Description of the task
What is needed is an exact transcription of the listing, with the images removed.

Source material
——
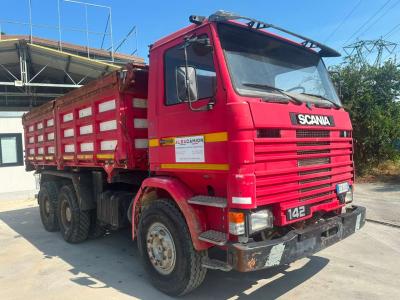 Scania 142 in vendita da Albacamion Srl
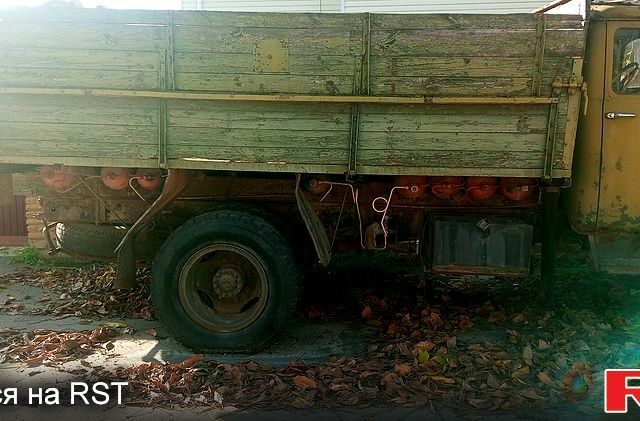 ЗИЛ 130, объемом двигателя 6 л и пробегом 300 тыс. км за 3000 $, фото 1 на Automoto.ua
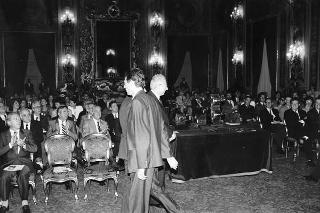 Incontro del Presidente della Repubblica Francesco Cossiga con Franco Carraro, ministro del turismo e dello spettacolo, con Gian Luigi Rondi, presidente dell'Ente David di Donatello, la giuria e i vincitori del Premio David di Donatello per il 1988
——
Solution below
 Scania 142 in vendita da Albacamion Srl
 ЗИЛ 130, объемом двигателя 6 л и пробегом 300 тыс. км за 3000 $, фото 1 на Automoto.ua
 Incontro del Presidente della Repubblica Francesco Cossiga con Franco Carraro, ministro del turismo e dello spettacolo, con Gian Luigi Rondi, presidente dell'Ente David di Donatello, la giuria e i vincitori del Premio David di Donatello per il 1988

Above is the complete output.